= Alina Briedelytė-Kavaliauskienė =

Lithuanian painter

 Alina Audronė Briedelytė-Kavaliauskienė (17 March 1942 – 18 November 1992) was a Lithuanian painter. She graduated from the Lithuanian Art Institute in 1966.

== Biography ==
From 1960 to 1966, she studied textile arts at the Vilnius Academy of Arts. Since 1965, she worked as a textile artist-restorer at the Lithuanian Museum of History and Ethnography. Her works include tapestries ("Sea" 1976 at the "Žuvėdra" resort in Palanga, "Light and Shadows" 1978 at the Lithuanian Blind Association factory, "Blossoming Tree" 1980, "Autumn Music" 1982, "Gates to the Cosmos" 1984), spatial rugs ("Quo Vadis.
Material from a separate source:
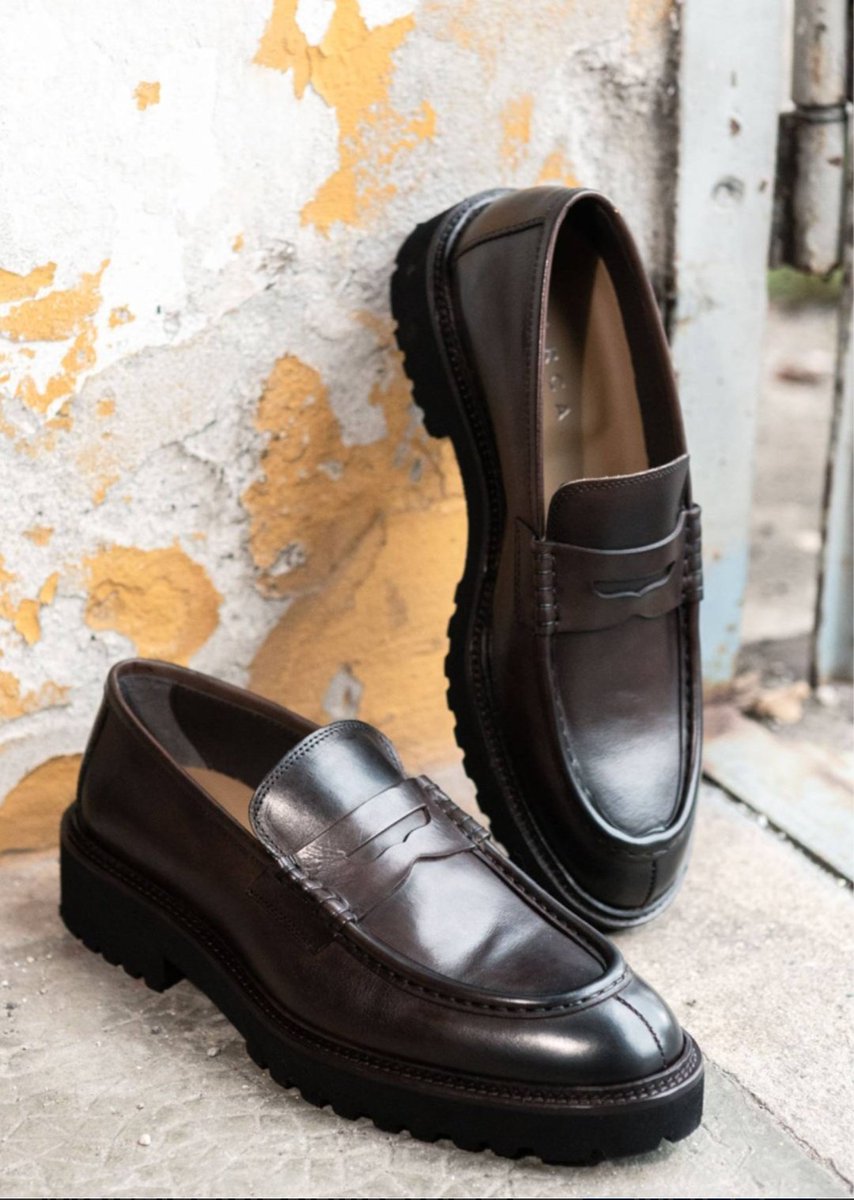 BUONGIORNO 
Il termine MOCASSINO deriva dalle lingue indigene del Nord America (Algonchino) indicando originariamente una calzatura di pelle di daino cucita a mano. Il termine è giunto in italiano tramite l'inglese MO(C)CASIN riportando il concetto di scarpa chiusa senza lacci.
In Memory of Hiroshima" 1985), batiks, appliqué, and patterned fabric samples for the Panevėžys Linen Factory, as well as textile miniatures.

Her works are decorative, with compositions based on the harmonious arrangement of simplified, generalized forms. The space in her creations is altered according to the principles of optical art. Since 1966, she participated in exhibitions both in Lithuania and abroad. Her works are part of collections at the Lithuanian Art Museum and the Kaunas War Museum.